Know-how verschiedener Firmen
An dem komplexen Forschungsprojekt arbeiteten verschiedene Unternehmen mit: unter anderem ek robotics, ein Hersteller und Systemintegrator von High-Tech-Transportrobotik, Gestalt Robotics, ein Dienstleister für Industrieautomatisierung sowie Human Factors Consult, ein Gestaltungs- und Auslegungsspezialist von technischen Systemen und Softwareschnittstellen. Die Johannesbad Fachklinik Saarschleife in Mettlach – eine der neun Fach- und Rehakliniken der aus Ostbayern stammenden Johannesbad Gruppe – stellte die Versuchsumgebung sowie die freiwilligen Probanden für die Praxis-Anwendung. Dr. Rolf Mayer, langjähriger Chefarzt der Orthopädie, betreute das Projekt auf Seiten der Klinik. Er zieht eine positive Bilanz: „Aus der Praxis heraus haben sich drei Anwendungsbereiche ergeben, in denen wir das Pflegepersonal entlasten könnten“, so Dr. Mayer.

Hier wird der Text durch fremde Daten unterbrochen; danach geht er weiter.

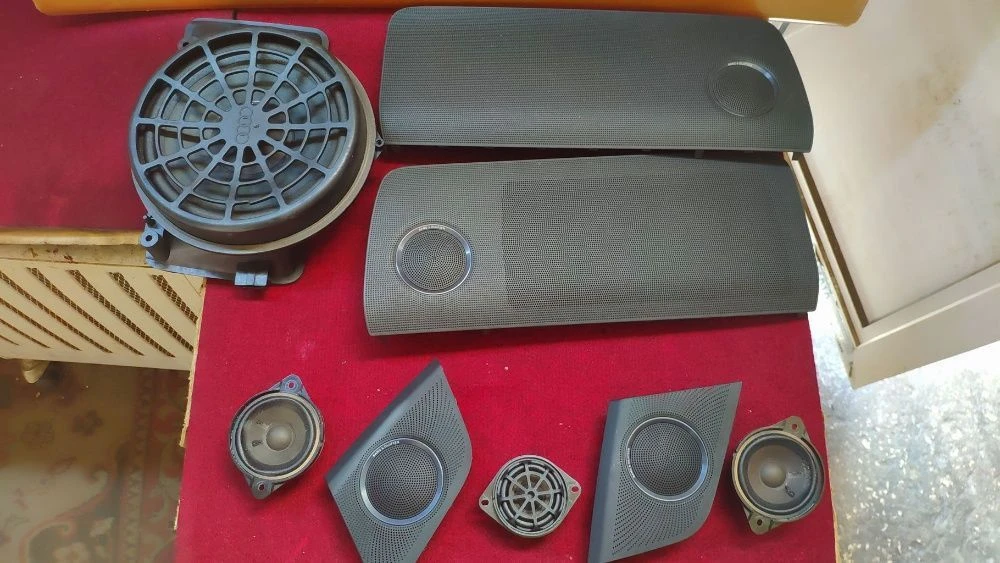 Озвучителна система BangOlufsen за Audi a4 b8 2009-14 обезателно седа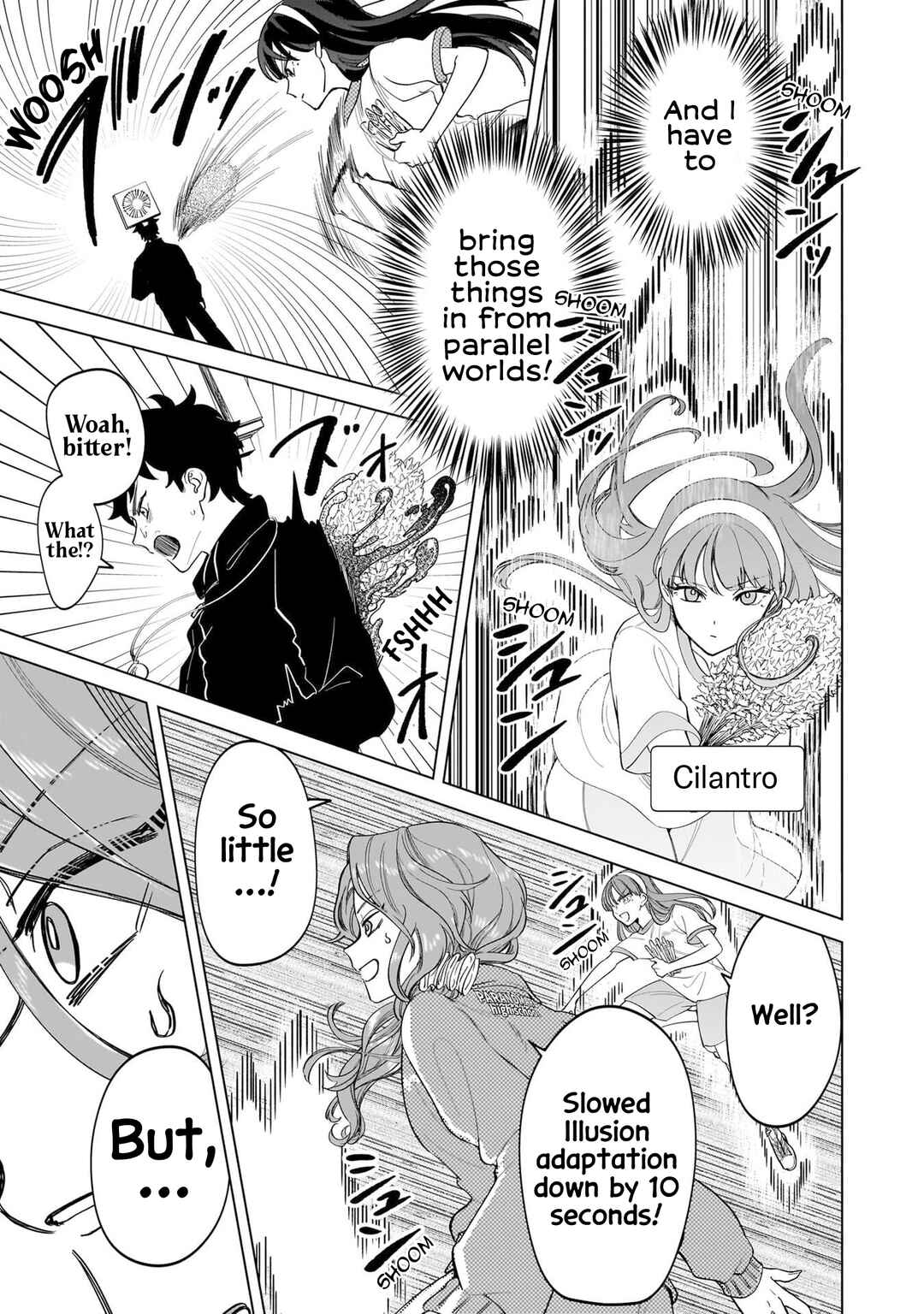 Page 17 Chapter 11 Shiretto Sugee Koto Itteru Gal. - Shiritsu Paranomaru Koukou no Nichijou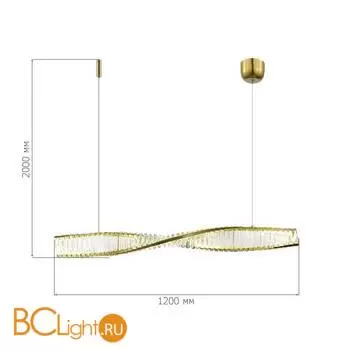 Подвесной светильник ST Luce ELICA SL6205.323.01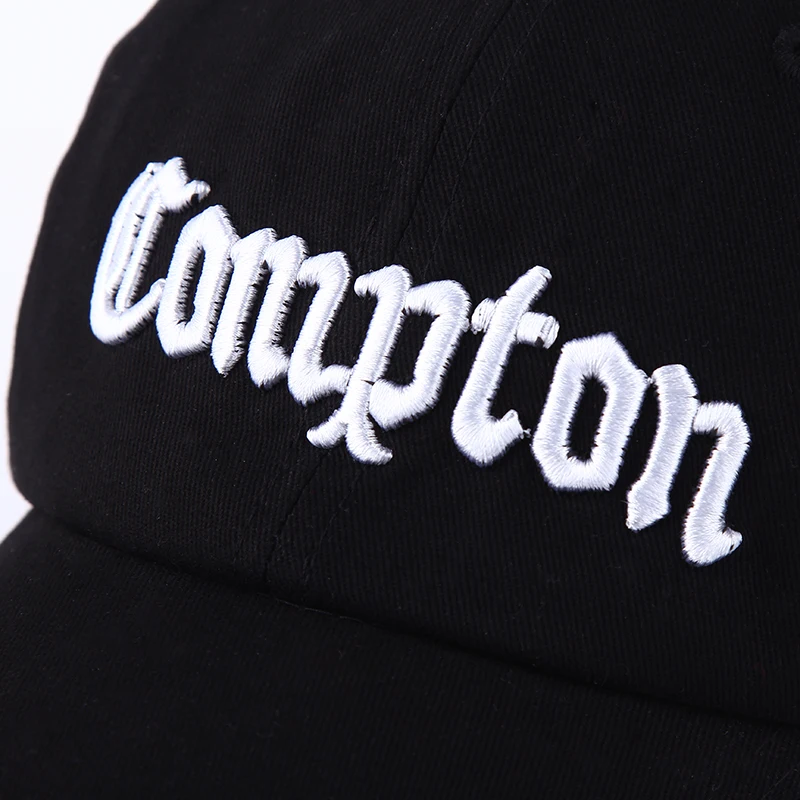 Baseball cap Compton skateboard brand snapback golf hats for men women hip hop bone aba reta casquette de marque touca chapeu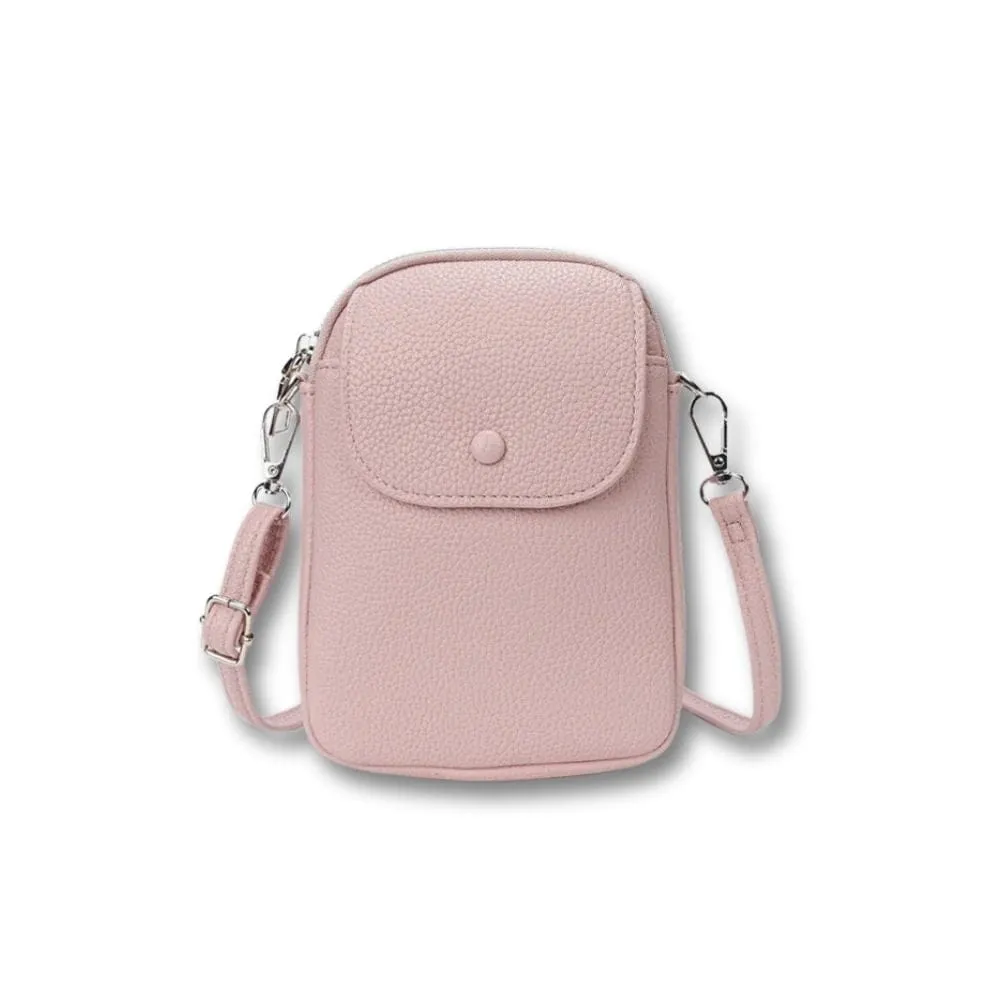 Maison Sacoches Naïa mini sac bandoulière kaki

Unterstützen verschiedene Bereiche der Pflege
Ein speziell entwickelter Transport-Roboter begleitete als intelligenter „Kofferträger“ die Gäste nach dem Check-In ins Zimmer. Ein zweiter Roboter, ein computergesteuerter, autonomer Rollator, holte Patienten ab und begleitete sie zu den Therapien und Sprechstunden innerhalb des Hauses. Zudem assistierte ein Roboter-Arm bei pflegerischen Tätigkeiten. Das Ziel des Projekts: ein vertrauensvolles Miteinander von Roboter und Mensch zu testen, um zukünftig einen Roboter-Einsatz in Pflegeeinrichtungen etablieren zu können. „Kommunikation und Interaktion sind dafür die zentralen Elemente“, erläutert Bohlmann.

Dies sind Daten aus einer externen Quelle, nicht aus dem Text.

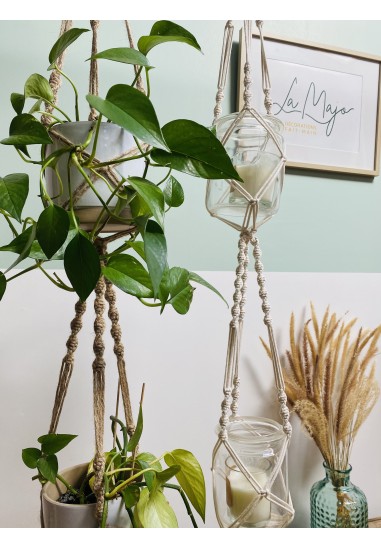 Double Suspension Macramé
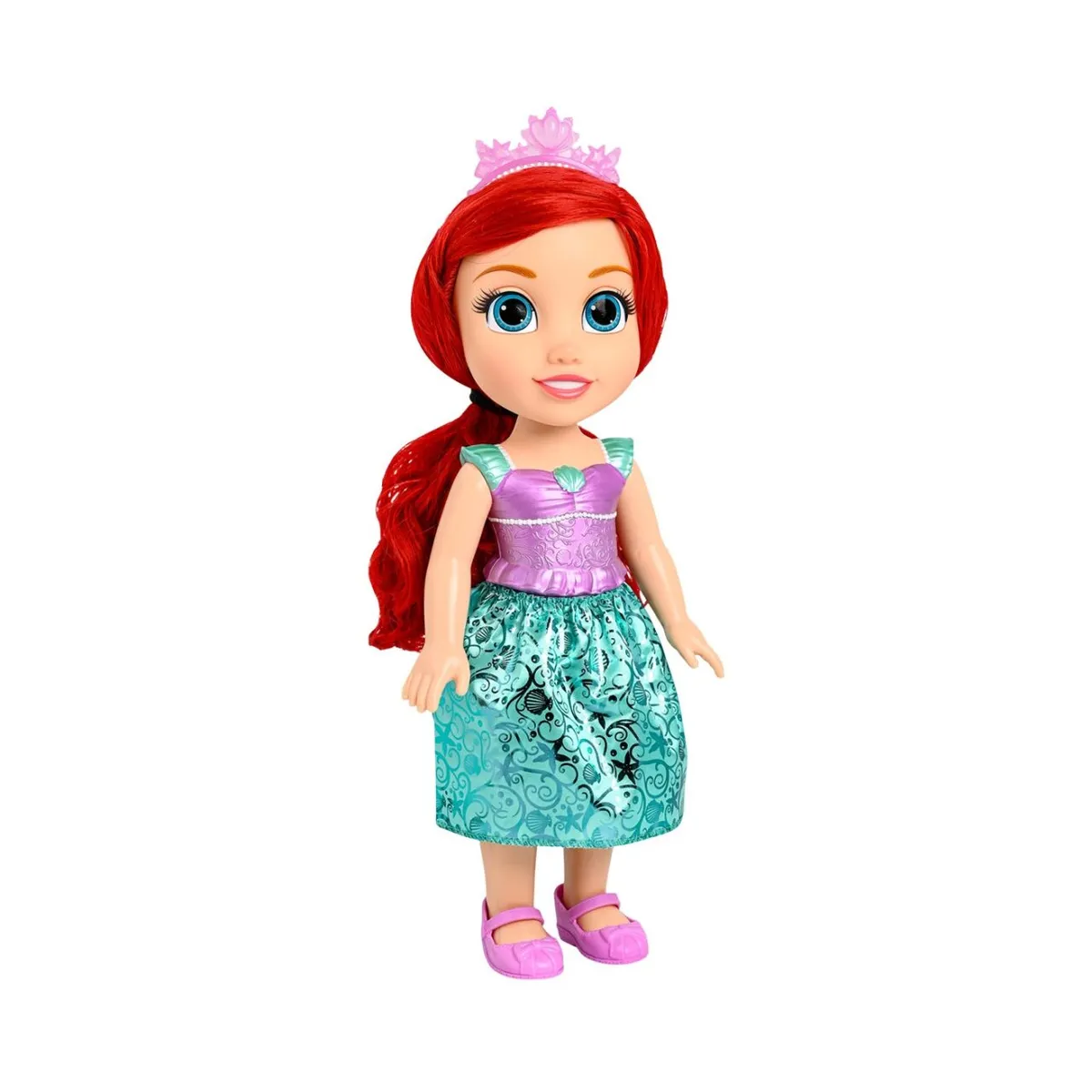 DISNEY - Muñeca Disney Princesa Ariel 30 cm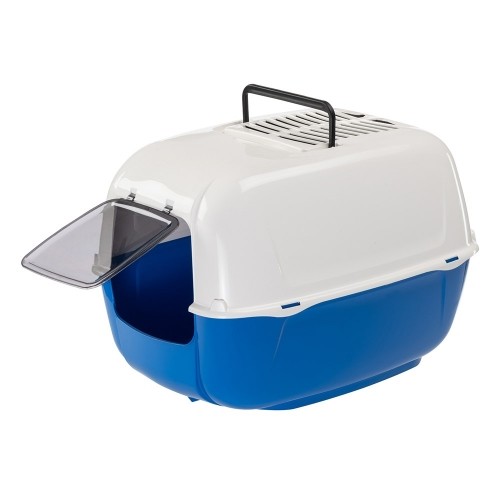 FERPLAST Prima blue - cat toilet - 39,5 x 52,5 x 38cm image 4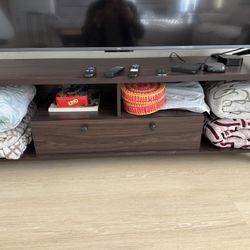  Brown Tv Stand 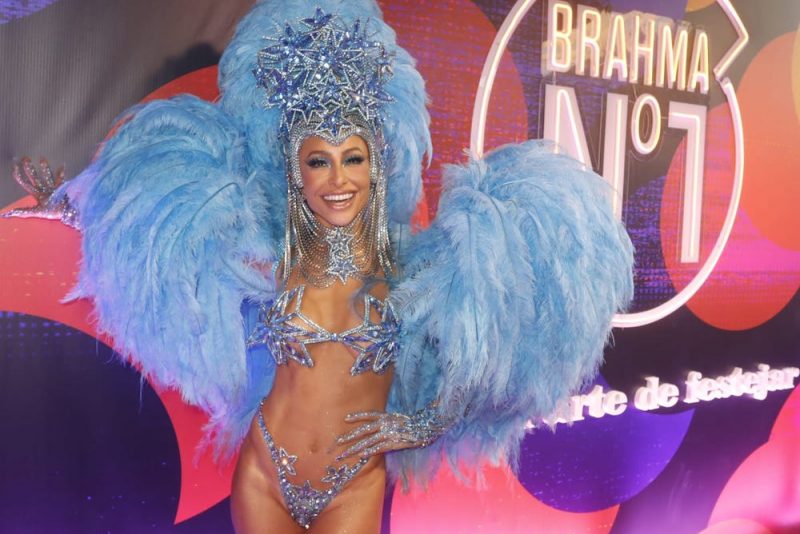 Carnaval Carioca - Epicentro de mulheres lindas, Camarote Brahma Nº1 celebra a volta dos desfiles na Sapucaí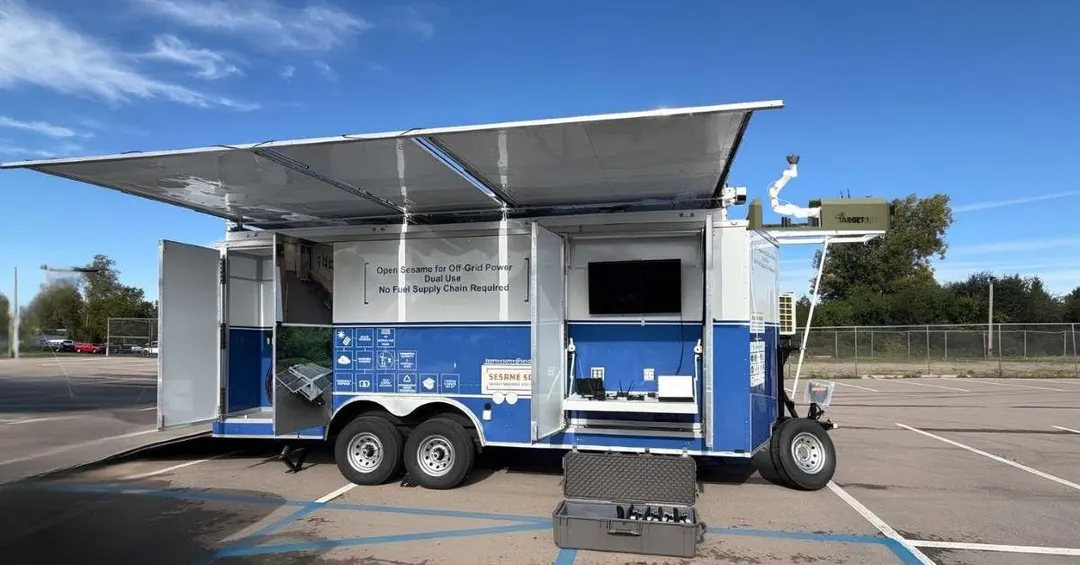 Sesame Solar, Target Arm and AG3 Labs launch persistent drone operations nanogrid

Sozial-intelligente Assistenten
Die Herausforderung ist dabei außerordentlich komplex: In der sozialen Interaktion der Roboter mit den Patienten im Alltag spielten Faktoren wie die Dynamik der Annäherung, die Erkennung, das Vergleichen von Personen und auch das Verstehen der Umgebung eine große Rolle. Als Teil des Projekts entstand eine Plattform für sozial-intelligente Assistenten: „Inhaltlich ging es darum, dass abstrakte Forschung in die Praxis und, in unserem Fall, an den Patienten bestmöglichst herangebracht wird, was im Bereich der Anwendungsforschung nicht selbstverständlich ist“, betont Dr. Mayer.

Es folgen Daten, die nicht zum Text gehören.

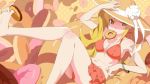  bikini kissshot_acerolaorion_heartunderblade monogatari_(series) nisemonogatari oshino_shinobu swimsuit vector watanabe_akio 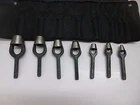 NEW Westward 7 PC ARCH PUNCH SET 1/4" TO 1" , 2AJK9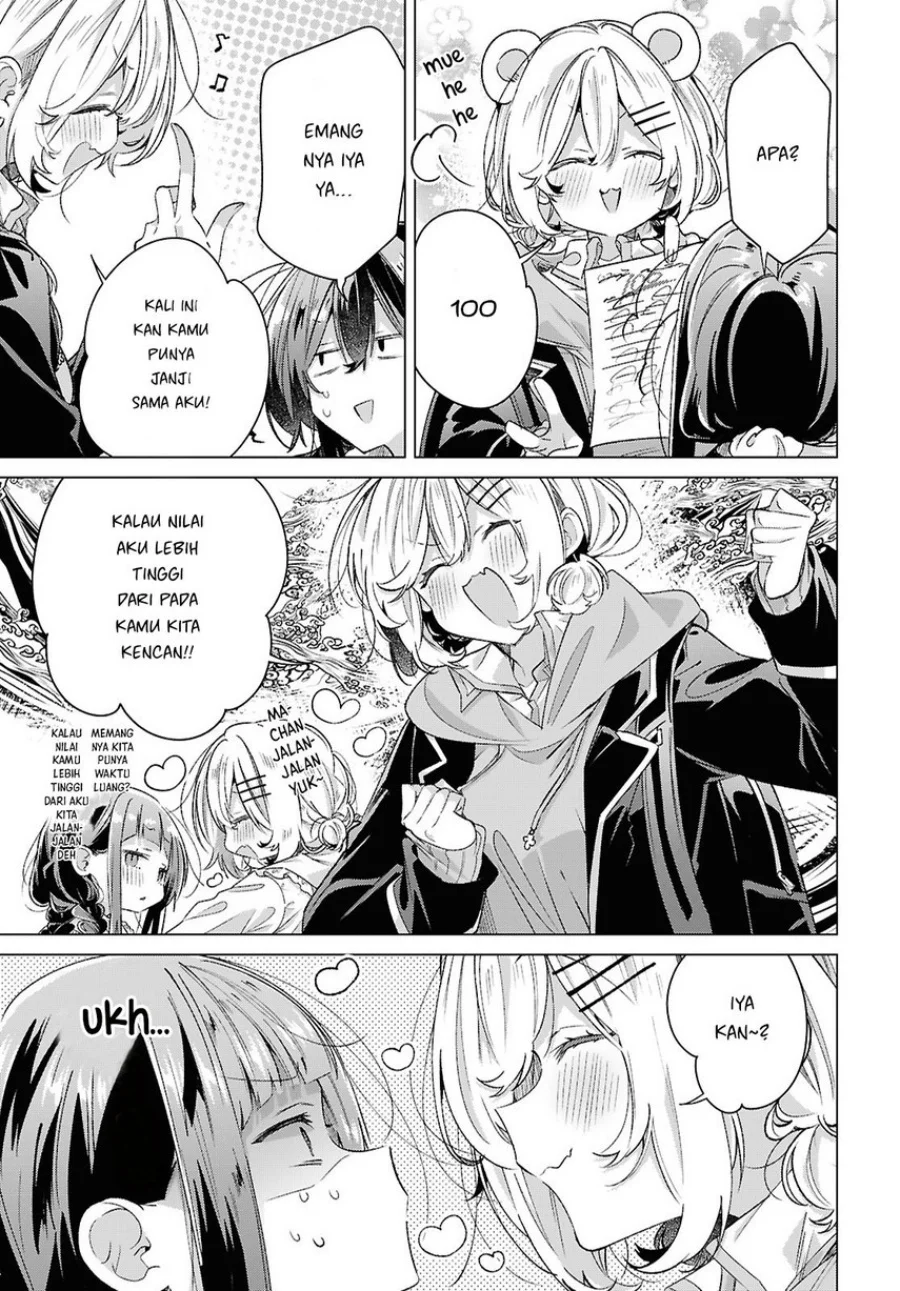 Sasayaku you ni koi wo utau Chapter 60 Gambar 7
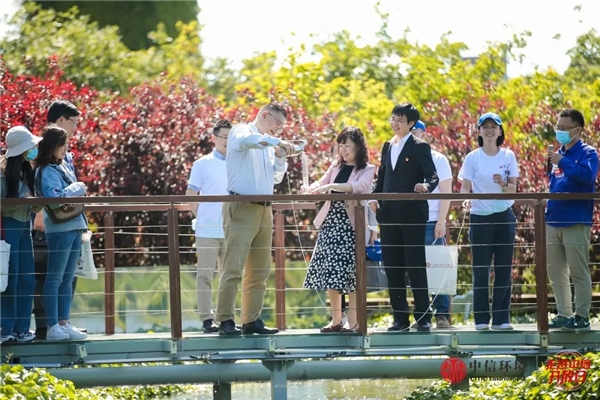 中信環(huán)境榮獲“2022企業(yè)ESG杰出環(huán)境實(shí)踐案例”大獎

Klinik-Einsatz bereits in wenigen Jahren?
Das Feedback der Patienten auf die automatischen Helfer war außerordentlich positiv: „Das hat sehr gut funktioniert und für mich war das ein ganz tolles Erlebnis“, sagte einer der Probanden. „Unsere Vision ist es nun, diese technischen Systeme zu realen Produkten weiterzuentwickeln, die die Menschen in ihrem Alltagsleben unterstützen“, sagt Projektkoordinator Bohlmann. Er sieht einen tatsächlichen Klinik-Einsatz von Transport- und Assistenzrobotern wie dem autonomen Rollator in Deutschland bereits in ein paar Jahren – im Zeitfenster zwischen 2025 und 2030 – als realistisch an.
Menschen sollen sich mit Robotern „anfreunden“
Dennoch seien die High-Tech-Roboter, die in der Johannesbad Fachklinik zum Einsatz kamen, Prototypen und noch nicht serienreif, wie Bohlmann verdeutlicht. Neben der technischen Weiterentwicklung wollen die Experten die Mensch-Roboter-Interaktion weiter optimieren. Denn die Menschen sollten sich mit den Robotern schließlich „anfreunden“ und sich mit ihnen „wohlfühlen“. Die Ergebnisse aus dem Praxistest liefern dafür eine wertvolle Grundlage.